A mid high unemployment and a credit freeze that has delayed or eliminated construction plans, a dip in cement consumption drove down prices during the first half of 2010. Cement prices have fallen in six of the last seven months, including relatively large monthly declines of 1.5% in April and 1.4% in May, according to the Bureau of Labor Statistics’ producer price index.
“The declines are getting steeper,” says Armine Thompson, construction materials analyst for the Washington, D.C.-based forecasting firm IHS Global Insight. In May, cement prices were 6.8% below a year ago.

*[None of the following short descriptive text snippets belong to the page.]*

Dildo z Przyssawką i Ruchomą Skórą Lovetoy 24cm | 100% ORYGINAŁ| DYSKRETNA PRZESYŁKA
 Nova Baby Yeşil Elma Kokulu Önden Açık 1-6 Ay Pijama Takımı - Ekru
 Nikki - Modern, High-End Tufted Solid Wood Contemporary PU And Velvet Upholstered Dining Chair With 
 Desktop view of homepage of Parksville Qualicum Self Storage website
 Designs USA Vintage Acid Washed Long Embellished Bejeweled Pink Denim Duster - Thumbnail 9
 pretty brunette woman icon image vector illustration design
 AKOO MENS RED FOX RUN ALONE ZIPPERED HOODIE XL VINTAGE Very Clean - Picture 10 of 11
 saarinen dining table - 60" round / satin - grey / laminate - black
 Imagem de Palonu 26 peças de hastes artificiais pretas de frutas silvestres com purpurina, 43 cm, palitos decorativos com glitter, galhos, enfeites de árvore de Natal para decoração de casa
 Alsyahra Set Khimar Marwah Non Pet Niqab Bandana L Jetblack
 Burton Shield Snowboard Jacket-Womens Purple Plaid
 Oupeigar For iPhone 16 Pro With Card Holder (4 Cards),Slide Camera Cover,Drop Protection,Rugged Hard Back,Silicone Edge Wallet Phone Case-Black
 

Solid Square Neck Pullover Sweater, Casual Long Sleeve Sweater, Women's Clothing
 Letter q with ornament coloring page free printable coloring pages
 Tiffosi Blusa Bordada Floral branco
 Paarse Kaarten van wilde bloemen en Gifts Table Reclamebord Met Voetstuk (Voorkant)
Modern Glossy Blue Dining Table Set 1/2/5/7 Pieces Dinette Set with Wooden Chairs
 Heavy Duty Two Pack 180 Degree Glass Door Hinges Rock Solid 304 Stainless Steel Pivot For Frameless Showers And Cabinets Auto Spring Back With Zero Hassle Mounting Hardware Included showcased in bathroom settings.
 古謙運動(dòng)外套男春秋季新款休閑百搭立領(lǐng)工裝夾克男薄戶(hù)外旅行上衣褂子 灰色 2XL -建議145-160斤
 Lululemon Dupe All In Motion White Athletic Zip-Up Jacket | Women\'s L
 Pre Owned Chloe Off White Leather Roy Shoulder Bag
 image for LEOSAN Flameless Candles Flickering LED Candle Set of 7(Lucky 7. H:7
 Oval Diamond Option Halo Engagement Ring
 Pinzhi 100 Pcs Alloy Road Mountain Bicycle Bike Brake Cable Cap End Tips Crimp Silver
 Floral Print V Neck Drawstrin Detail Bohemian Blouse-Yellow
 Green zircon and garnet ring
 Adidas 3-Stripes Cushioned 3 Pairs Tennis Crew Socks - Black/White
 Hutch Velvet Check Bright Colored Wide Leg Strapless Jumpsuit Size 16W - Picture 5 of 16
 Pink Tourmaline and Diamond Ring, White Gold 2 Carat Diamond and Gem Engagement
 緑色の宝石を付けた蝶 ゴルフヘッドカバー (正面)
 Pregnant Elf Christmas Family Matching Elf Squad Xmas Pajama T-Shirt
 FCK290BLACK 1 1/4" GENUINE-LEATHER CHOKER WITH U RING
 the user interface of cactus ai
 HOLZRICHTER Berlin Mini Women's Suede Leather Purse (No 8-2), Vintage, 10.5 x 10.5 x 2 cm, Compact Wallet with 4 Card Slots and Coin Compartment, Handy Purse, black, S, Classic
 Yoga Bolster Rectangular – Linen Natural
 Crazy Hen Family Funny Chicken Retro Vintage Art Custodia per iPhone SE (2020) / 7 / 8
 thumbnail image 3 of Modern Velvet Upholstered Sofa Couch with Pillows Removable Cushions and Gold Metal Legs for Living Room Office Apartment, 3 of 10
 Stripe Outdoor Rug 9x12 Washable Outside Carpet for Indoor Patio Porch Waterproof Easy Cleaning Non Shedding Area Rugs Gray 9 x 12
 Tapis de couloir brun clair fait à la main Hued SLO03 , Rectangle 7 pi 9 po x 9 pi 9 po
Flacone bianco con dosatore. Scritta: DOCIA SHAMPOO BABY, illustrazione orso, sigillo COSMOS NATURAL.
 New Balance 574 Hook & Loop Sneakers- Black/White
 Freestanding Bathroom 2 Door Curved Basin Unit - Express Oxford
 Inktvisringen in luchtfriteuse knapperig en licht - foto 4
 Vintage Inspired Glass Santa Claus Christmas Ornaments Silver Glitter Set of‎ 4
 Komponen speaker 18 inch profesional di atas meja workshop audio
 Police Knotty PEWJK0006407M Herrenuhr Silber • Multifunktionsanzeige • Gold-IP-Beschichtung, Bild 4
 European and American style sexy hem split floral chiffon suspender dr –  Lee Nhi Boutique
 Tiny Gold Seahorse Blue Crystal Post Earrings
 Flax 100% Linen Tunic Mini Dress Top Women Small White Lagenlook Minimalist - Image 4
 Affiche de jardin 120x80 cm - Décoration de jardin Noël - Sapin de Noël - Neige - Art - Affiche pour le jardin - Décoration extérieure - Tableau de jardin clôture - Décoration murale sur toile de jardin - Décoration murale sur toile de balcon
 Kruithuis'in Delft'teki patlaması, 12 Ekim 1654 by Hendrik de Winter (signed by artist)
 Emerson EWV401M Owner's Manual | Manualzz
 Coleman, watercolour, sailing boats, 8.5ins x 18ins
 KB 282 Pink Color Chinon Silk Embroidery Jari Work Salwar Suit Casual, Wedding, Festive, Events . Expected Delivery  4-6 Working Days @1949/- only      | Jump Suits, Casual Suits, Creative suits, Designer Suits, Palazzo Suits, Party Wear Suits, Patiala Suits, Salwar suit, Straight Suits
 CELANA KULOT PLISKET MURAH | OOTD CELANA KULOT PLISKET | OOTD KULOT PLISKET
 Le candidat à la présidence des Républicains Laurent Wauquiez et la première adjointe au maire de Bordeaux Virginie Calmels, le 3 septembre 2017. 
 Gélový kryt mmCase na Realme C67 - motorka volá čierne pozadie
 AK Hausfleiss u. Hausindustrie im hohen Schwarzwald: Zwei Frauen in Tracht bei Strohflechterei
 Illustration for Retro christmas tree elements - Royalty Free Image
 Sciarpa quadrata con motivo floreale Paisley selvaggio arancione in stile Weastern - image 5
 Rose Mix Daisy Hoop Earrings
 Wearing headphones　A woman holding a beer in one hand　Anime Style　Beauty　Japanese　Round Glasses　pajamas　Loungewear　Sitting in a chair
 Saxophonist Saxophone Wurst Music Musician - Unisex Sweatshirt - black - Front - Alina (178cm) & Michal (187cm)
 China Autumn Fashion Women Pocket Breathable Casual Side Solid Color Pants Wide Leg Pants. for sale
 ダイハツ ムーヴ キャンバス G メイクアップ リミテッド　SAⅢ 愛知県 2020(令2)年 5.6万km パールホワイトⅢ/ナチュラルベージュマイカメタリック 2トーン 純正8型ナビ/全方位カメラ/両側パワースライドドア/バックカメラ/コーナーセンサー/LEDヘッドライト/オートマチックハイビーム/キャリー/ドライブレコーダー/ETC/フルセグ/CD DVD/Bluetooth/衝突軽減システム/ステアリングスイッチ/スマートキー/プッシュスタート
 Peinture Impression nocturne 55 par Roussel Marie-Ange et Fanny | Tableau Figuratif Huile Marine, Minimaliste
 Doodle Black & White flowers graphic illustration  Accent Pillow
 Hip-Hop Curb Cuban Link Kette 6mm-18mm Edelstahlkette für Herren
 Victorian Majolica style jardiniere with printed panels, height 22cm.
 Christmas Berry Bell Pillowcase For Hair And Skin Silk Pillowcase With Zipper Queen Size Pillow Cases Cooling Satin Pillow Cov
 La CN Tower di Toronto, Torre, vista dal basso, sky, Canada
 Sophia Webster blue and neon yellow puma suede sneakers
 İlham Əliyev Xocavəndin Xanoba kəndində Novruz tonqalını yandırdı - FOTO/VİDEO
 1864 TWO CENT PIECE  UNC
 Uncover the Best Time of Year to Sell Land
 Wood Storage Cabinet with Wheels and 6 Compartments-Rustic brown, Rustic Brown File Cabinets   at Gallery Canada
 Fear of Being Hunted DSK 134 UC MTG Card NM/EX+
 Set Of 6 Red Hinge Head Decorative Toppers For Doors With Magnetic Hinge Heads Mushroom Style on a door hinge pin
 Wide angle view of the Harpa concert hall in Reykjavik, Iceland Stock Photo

Ready-mix concrete prices are following a similar pattern and, in May, were 2.7% below 2009’s level, according to BLS.
However, cement and concrete prices may be close to bottoming out, says Thompson. “We have seen domestic shipments start to increase over the last few months, and in April, shipments were up 10% over a year ago,” she says. “Prices usually lag shipments a bit, so we expect to see cement prices level off near the end of the year.” Thompson predicts cement prices in the fourth quarter of this year will be only 0.1% lower than the fourth quarter of 2009.
The Portland Cement Association, Skokie, Ill., is forecasting a small 3-million to 5-million metric-tonne increase in overall U.S. cement consumption in 2010. Much of the current boost in shipments is coming from federal stimulus spending. In May, total stimulus spending was $941 million, a 48.8% increase from the level in April.
PCA expects stimulus spending combined with a stronger residential market, greater transportation investment and job growth will all help to ratchet up total U.S. consumption between 2010 and 2014, bringing it near to the industry highs of 2005 and 2006, which would be a major turnaround for the industry.
Last year, commercial building cement consumption reached a 38-year low at just over 60 million tonnes, causing low kiln use rates, extended plant downtimes and high inventory levels, says PCA chief economist Edward J. Sullivan. Like many cement producers looking to cut back, Zurich-based Holcim Ltd. responded by closing a Missouri plant and a Michigan plant and stopping production at its Iowa and Mississippi plants in the last four years. Cemex SAB de CV, Garza Garcia, Mexico, this year announced plans to close its Davenport, Calif., plant.
“Cement capacity is now plentiful,” says Will Hill, managing director of Raleigh, N.C.-based FMI Corp. “Just a few short years ago, allocations and shortages were common across the United States. With the opening and expansion of several plants, this will not be an issue for several years out.”
Holcim is making a billion-dollar bet on that outlook. The company this month opened a new, $1-billion single-kiln cement plant, based in Bloomsdale, Mo., along the Mississippi River. The 4-million-tonne annual capacity facility—touted as one of the world’s largest—debuts during a multidecade low in cement demand. The new plant will more than make up for the four plant closures, the combined capacity of which was about 3.7 million tonnes a year. Holcim began construction of the new plant during boom times in 2006. “[I’m] banking on cement demand to improve in 2011,” says Holcim U.S. President Bernard Tarver.
“Construction is down, which means cement supplies are up,” says Mike Olson, president of Olson Precast Co., a Phoenix-based concrete contractor. “Pricing doesn’t have much effect on how much cement we use so much as the specifications and design provided by the owner.”
The steep decline in cement prices have some owners reconsidering concrete as a cost-competitive asphalt alternative for street and highway construction, which accounts for about 30% of all cement consumption, says PCA.
“With the drop in prices, we almost doubled the number of projects planned with our stimulus monies because the bids were so competitive,” says Scott Magruder, spokesman for the Nevada Dept. of Transportation. “We currently are considering concrete paving—as opposed to asphalt—on our Interstate 580 freeway project, between Reno and Carson City, due to pricing.”